# INFORMATION GIVEN
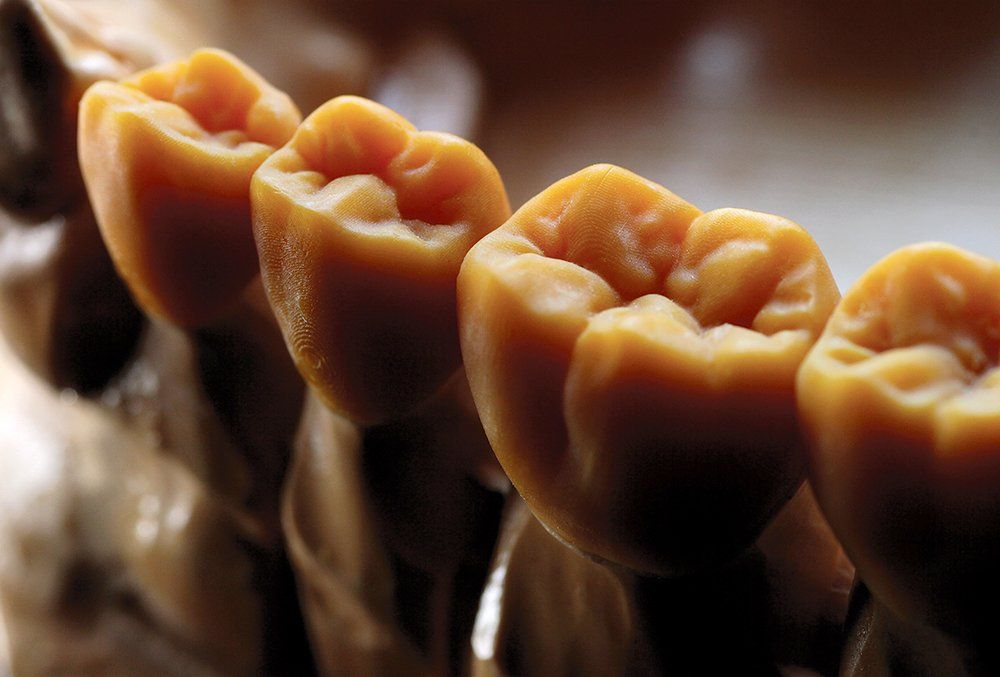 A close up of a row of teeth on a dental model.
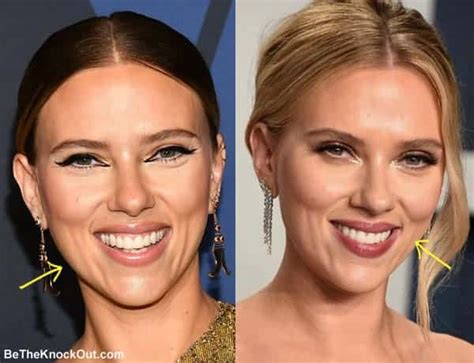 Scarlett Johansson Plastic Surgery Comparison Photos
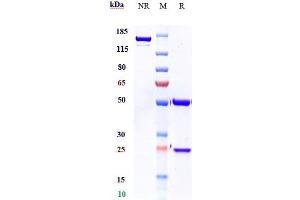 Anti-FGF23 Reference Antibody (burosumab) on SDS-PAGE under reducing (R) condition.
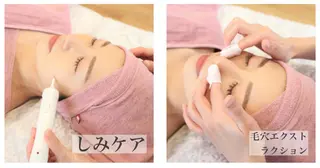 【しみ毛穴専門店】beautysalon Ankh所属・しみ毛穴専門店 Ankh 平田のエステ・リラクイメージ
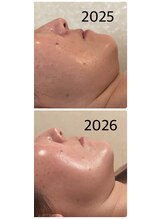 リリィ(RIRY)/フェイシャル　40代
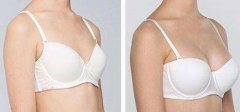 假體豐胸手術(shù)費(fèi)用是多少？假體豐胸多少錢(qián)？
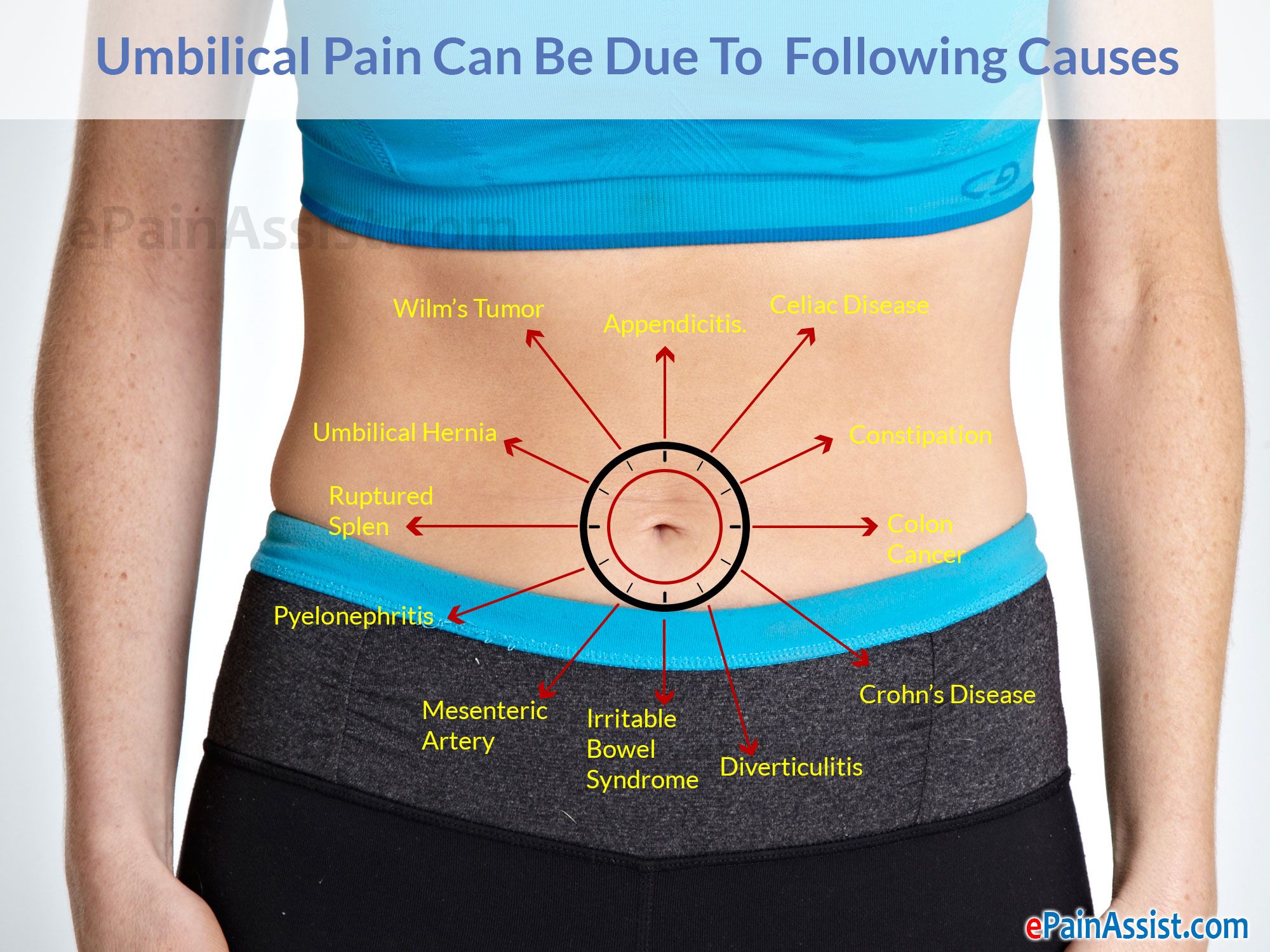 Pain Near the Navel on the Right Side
--
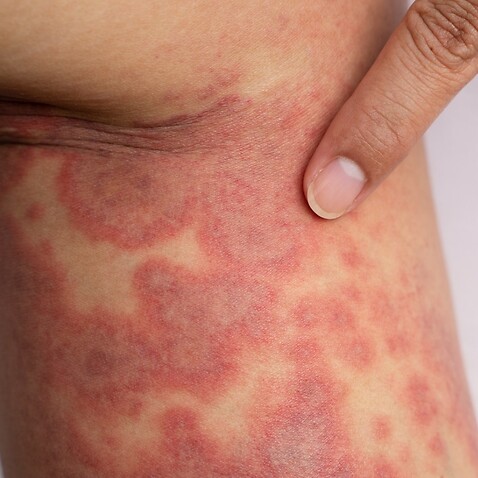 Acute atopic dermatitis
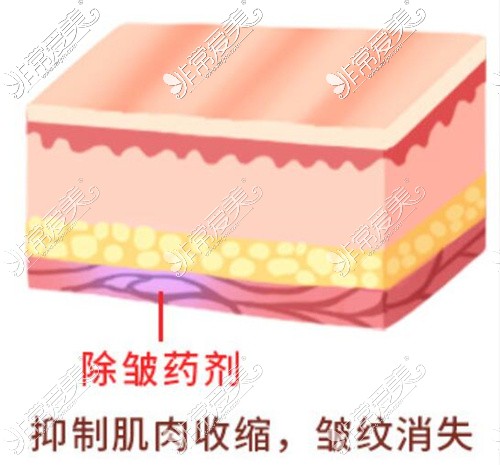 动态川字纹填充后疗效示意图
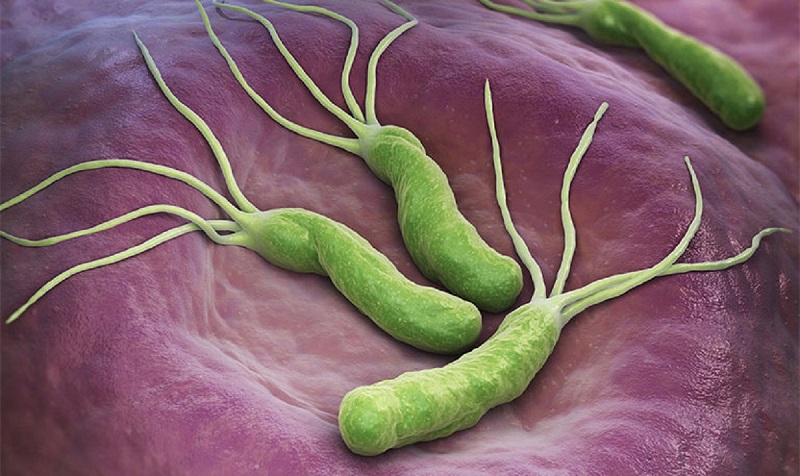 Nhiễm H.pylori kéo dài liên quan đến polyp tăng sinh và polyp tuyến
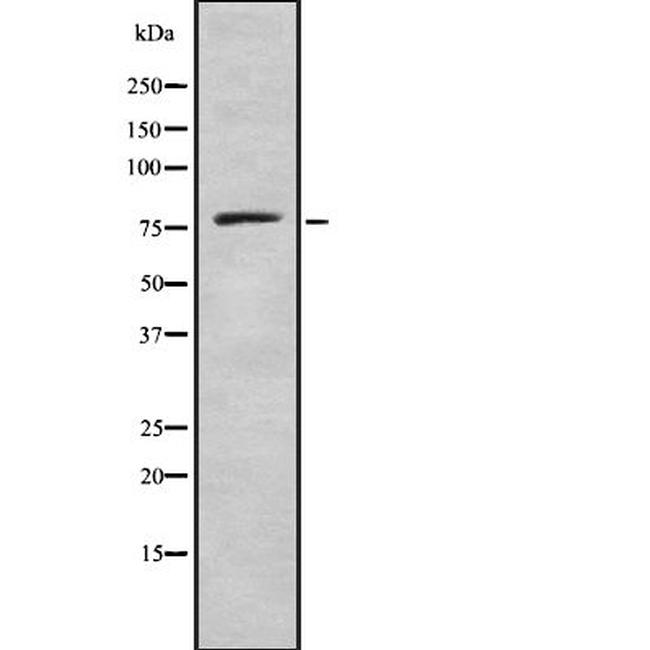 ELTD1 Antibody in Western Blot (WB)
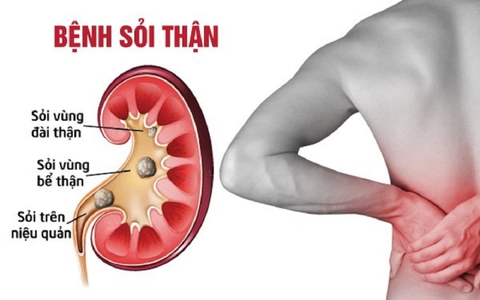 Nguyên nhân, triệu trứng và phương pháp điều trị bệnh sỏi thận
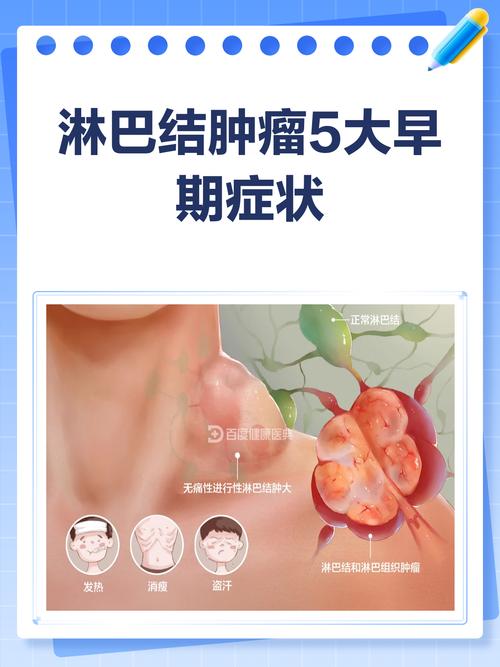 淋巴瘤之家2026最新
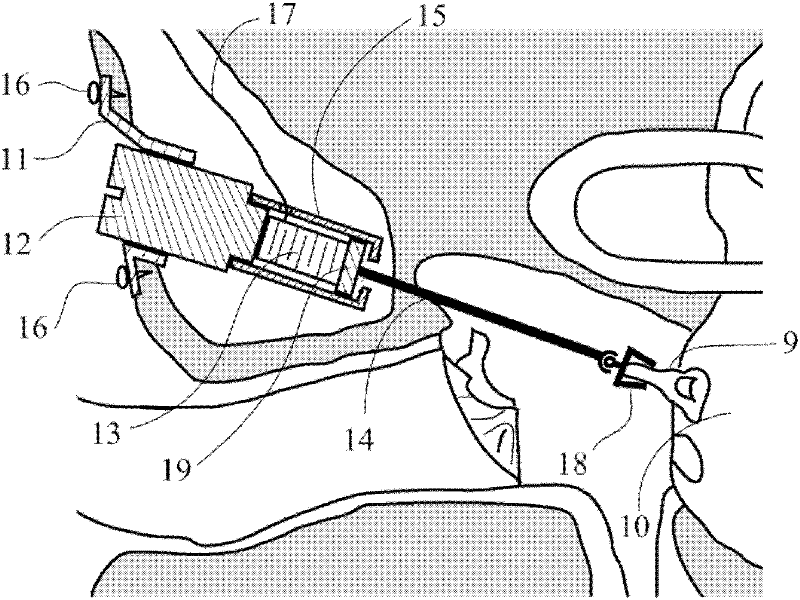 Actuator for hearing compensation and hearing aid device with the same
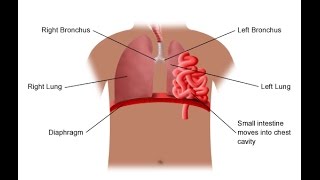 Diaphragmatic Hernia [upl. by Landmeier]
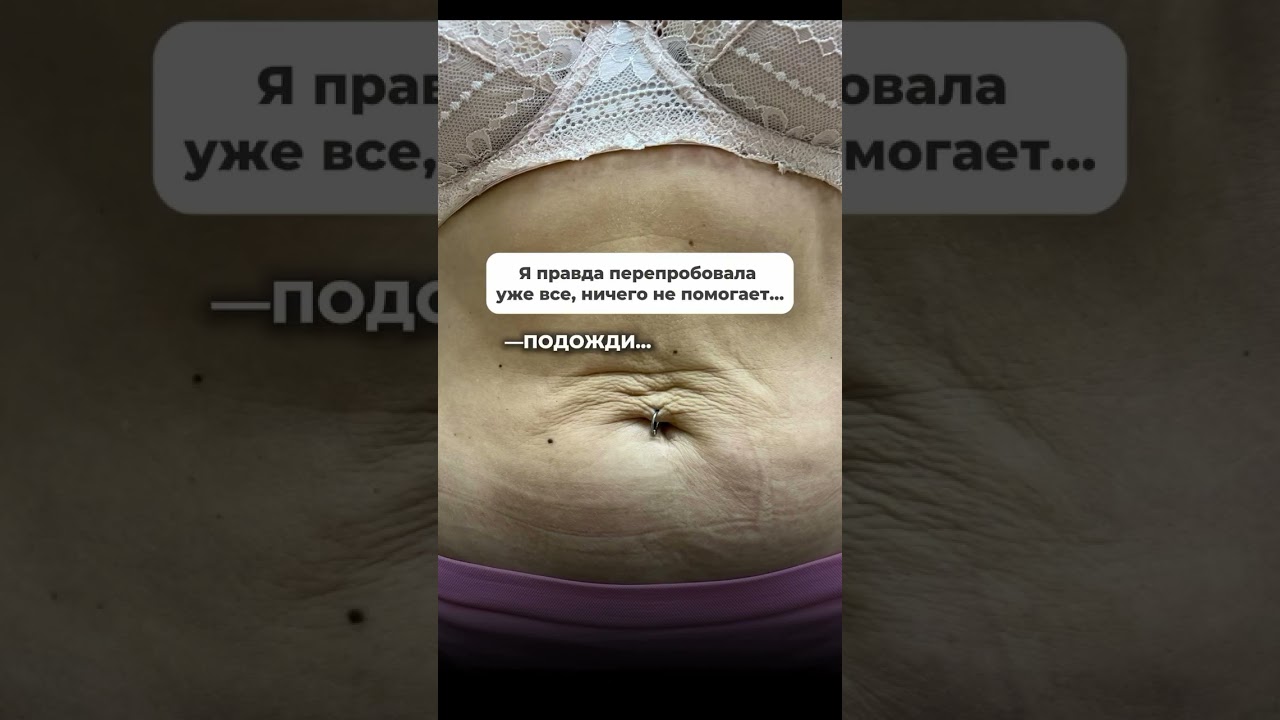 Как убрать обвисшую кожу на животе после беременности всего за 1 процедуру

# TASK TO CARRY OUT
From the line containing "A close up of" through the line containing "Pain Near the Navel on the Right Side", copy every line above exactly, without pictures.

# OUTPUT BELOW
 A close up of a row of teeth on a dental model.
 Scarlett Johansson Plastic Surgery Comparison Photos
 Anti-FGF23 Reference Antibody (burosumab) on SDS-PAGE under reducing (R) condition.
 【しみ毛穴専門店】beautysalon Ankh所属・しみ毛穴専門店 Ankh 平田のエステ・リラクイメージ
 リリィ(RIRY)/フェイシャル　40代
 假體豐胸手術(shù)費(fèi)用是多少？假體豐胸多少錢(qián)？
 Pain Near the Navel on the Right Side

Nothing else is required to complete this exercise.